Library of Congress Control Number: 2015959094
British Library Cataloguing-in-Publication DataA CIP record for this book is available from the British LibraryISSN 2051-2481 (Print)ISSN 2051-249X (Online)ISBN 978-1-84821-838-3
The digital revolution of the recent decades, resulting from a combination of data digitization and its spreading on a global level, touches on the fundamentals of humanity, namely communication, and affects all human activities. Today we live in a digitized and connected world, this is obvious, and our lifestyles, be it studying, working, enjoying entertainment or being a citizen, have changed drastically. These changes could be characterized in their early days by an unprecedented increase in the number of published documents which led to an overwhelming flood of diverse data, resulting from interactive contents (with Web 2.0) and novel modes of publishing and sharing of knowledge (with the Semantic Web). In this context, data processing systems allow us not only to to store data but also to leverage it. Starting from raw data, one objective is to extract and structure information in order to automatically develop and exploit knowledge. Natural Language Processing (NLP) is a part of this with respect to the language nature of the data.
Lesen Sie weiter in der vollständigen Ausgabe!
Lesen Sie weiter in der vollständigen Ausgabe!
Lesen Sie weiter in der vollständigen Ausgabe!
Lesen Sie weiter in der vollständigen Ausgabe!
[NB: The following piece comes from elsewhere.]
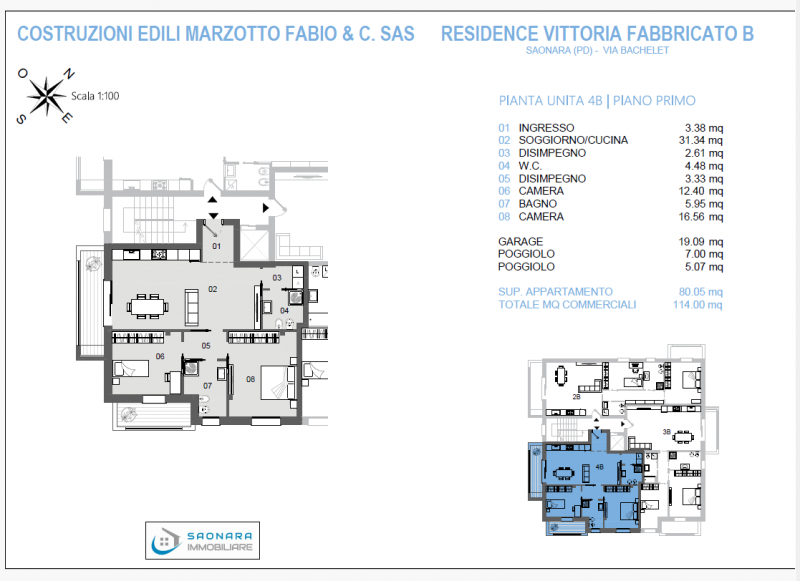 SAONARA: appartamento al piano primo in un moderno complesso residenziale in costruzione composto...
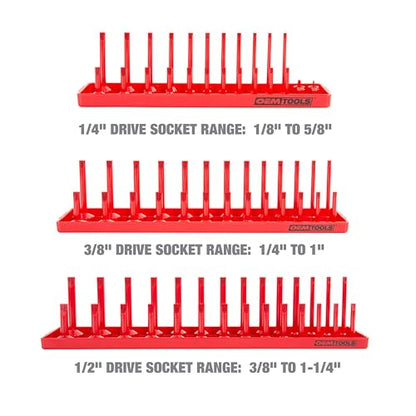OEMTOOLS 22413 6 Piece SAE and Metric Socket Tray Set, SAE and Metric Socket Storage for Sizes 1/4", 3/8”, and 1/2" Drive, Socket Holders and Socket Organizer Tray for Toolbox, Red/Grey | Optimize Toolbox Organization, Designed for Shallow and Deep Socket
Lesen Sie weiter in der vollständigen Ausgabe!
Lesen Sie weiter in der vollständigen Ausgabe!
Lesen Sie weiter in der vollständigen Ausgabe!
Lesen Sie weiter in der vollständigen Ausgabe!
Lesen Sie weiter in der vollständigen Ausgabe!
Lesen Sie weiter in der vollständigen Ausgabe!
Lesen Sie weiter in der vollständigen Ausgabe!
Lesen Sie weiter in der vollständigen Ausgabe!
Lesen Sie weiter in der vollständigen Ausgabe!
Lesen Sie weiter in der vollständigen Ausgabe!
Lesen Sie weiter in der vollständigen Ausgabe!
Lesen Sie weiter in der vollständigen Ausgabe!
Lesen Sie weiter in der vollständigen Ausgabe!